Got it. That sounds simple enough

It is, but there’s more to it. As the company gets bigger more shares may be added and given to new employees or to a person who has put money into the company to help it grow (hello private investor!). With these new additions, let’s say there are 200 shares, it now means each share is worth 0.5% of the company.

So, back up please, a share is…?

A portion of a company. At the start, shares are used to divide a company amongst its founders. Then, as the company grows, shares are added to attract new people who are key to the business, like employees or investors.

I need an example

Say you set up a company selling hand-printed cashmere scarves (divine, right?!) and register the company with 100 shares. Since you’re the only founder, all 100 shares are put in your name. You are the 100% shareholder.

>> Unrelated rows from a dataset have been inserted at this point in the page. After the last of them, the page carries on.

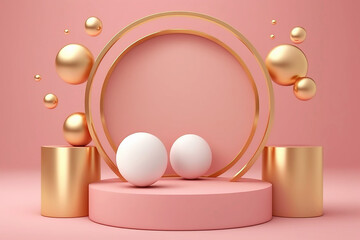 Gold round podium for display product or for merchandise with levitating balls on pink background created with Generative AI technology.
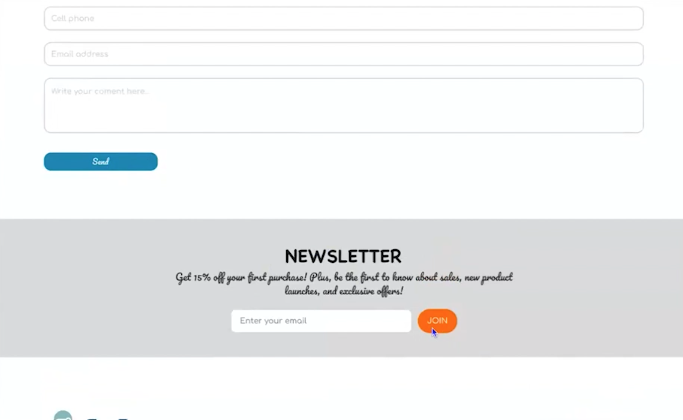 Contact us form button and newsletter CTA. Description in the article.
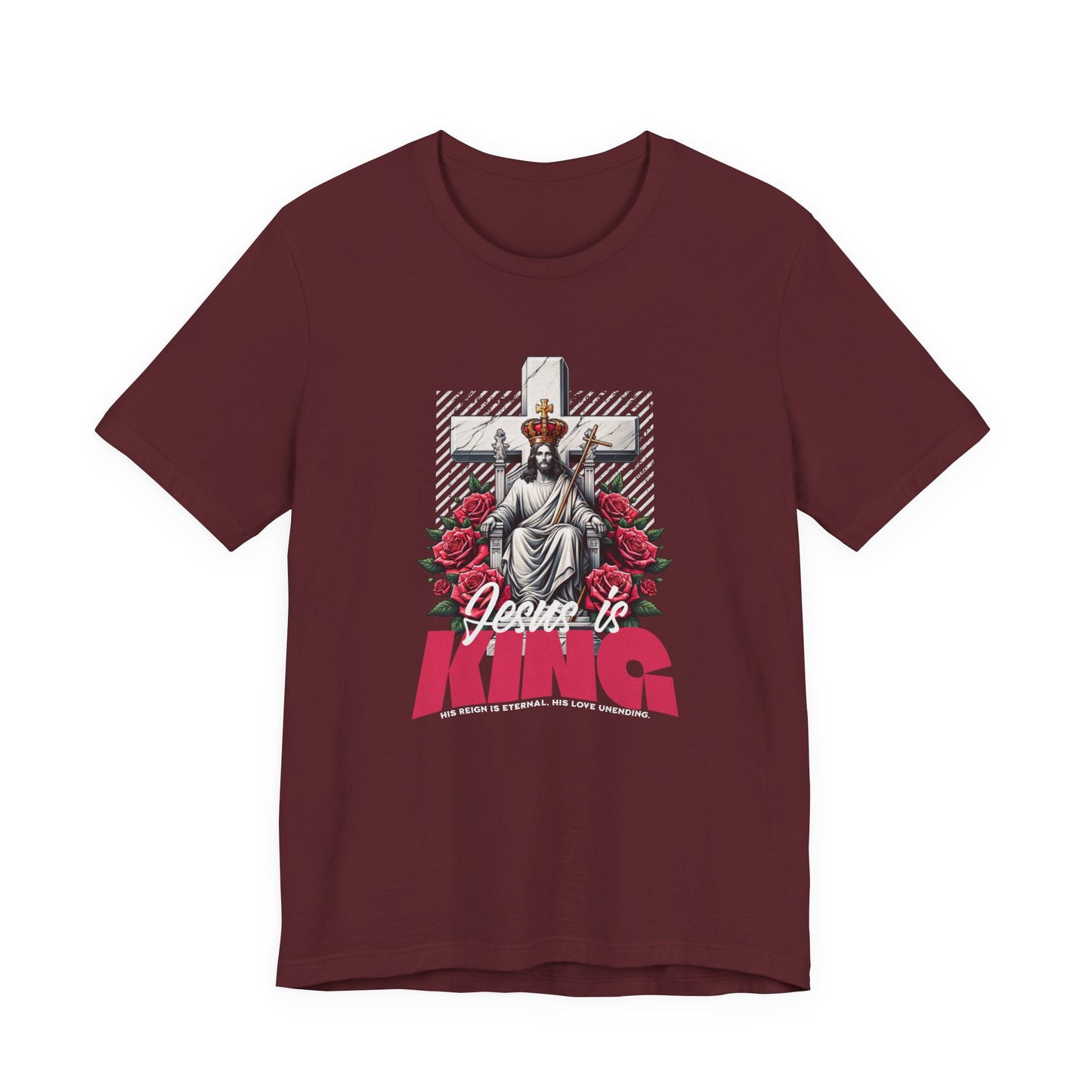 Jesus Is King T-Shirt — Christian Faith Graphic Tee with Cross & Roses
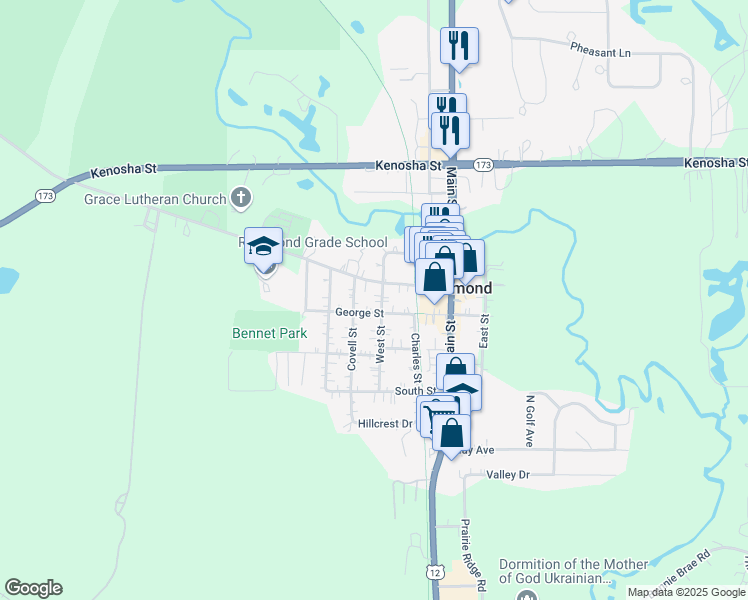 map of restaurants, bars, coffee shops, grocery stores, and more near 10305 West Street in Richmond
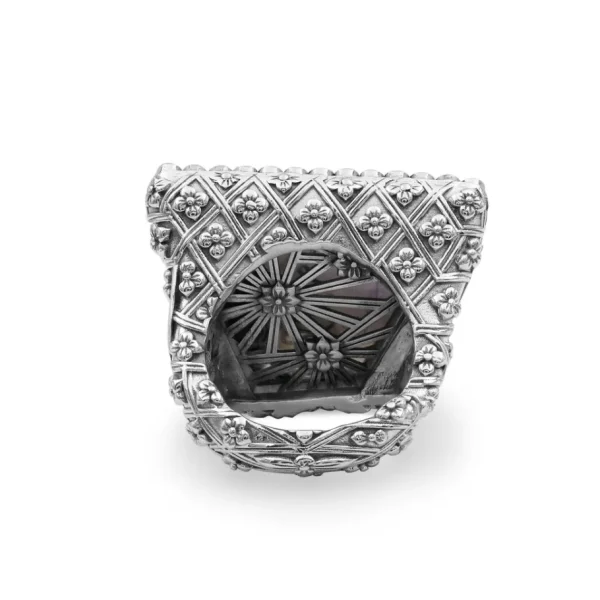 Stephen Dweck One of a Kind Moss Agate 22.2ct and Diamond 0.45ct Ring in Sterling Silver with 18K Diamond Pave Adam< Rings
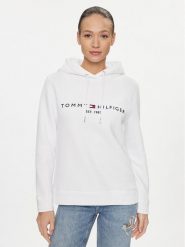 Tommy Hilfiger Bluza Heritage WW0WW31998 Biały Regular Fit. Białe bluzy damskie Tommy Hilfiger, xxs, bez wzorów, z bawełny, bez kaptura. Za 339.99 zł.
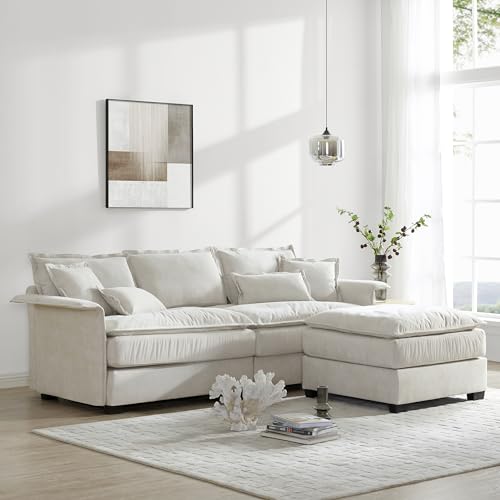 P PURLOVE Convertible Sectional Sofa Couch with Double Cushions, L Shape Couch with Ottoman, Bentwood Armrests for Living Room, Apartment, Office (Dark Grey)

Now you need help marketing your scarves and you want to hire someone to do this but you can’t afford to pay a salary. Instead you agree to give this person shares. This is called giving ‘equity’ in your business. You issue 25 new shares in the name of your new head of marketing, which takes the total number of shares to 125. You still hold 100 of these but now you no longer own 100% of the business, you own 80% and your new partner owns 20%.

Your business is successful in its first year but you need more money to build a website and for advertising to boost sales. You don’t have this money so you need a ‘private investor’. An investor will give you money in exchange for shares in your business. You issue another 25 shares to the investor taking the total number of shares to 150. You own 100 of these (66%), your partner owns 25 shares (16%) and the investor owns 25 (16%).

As the business develops, this process of adding shares can carry on to produce hundreds if not thousands of shareholders. So, the company gets divided up into smaller pieces amongst more owners.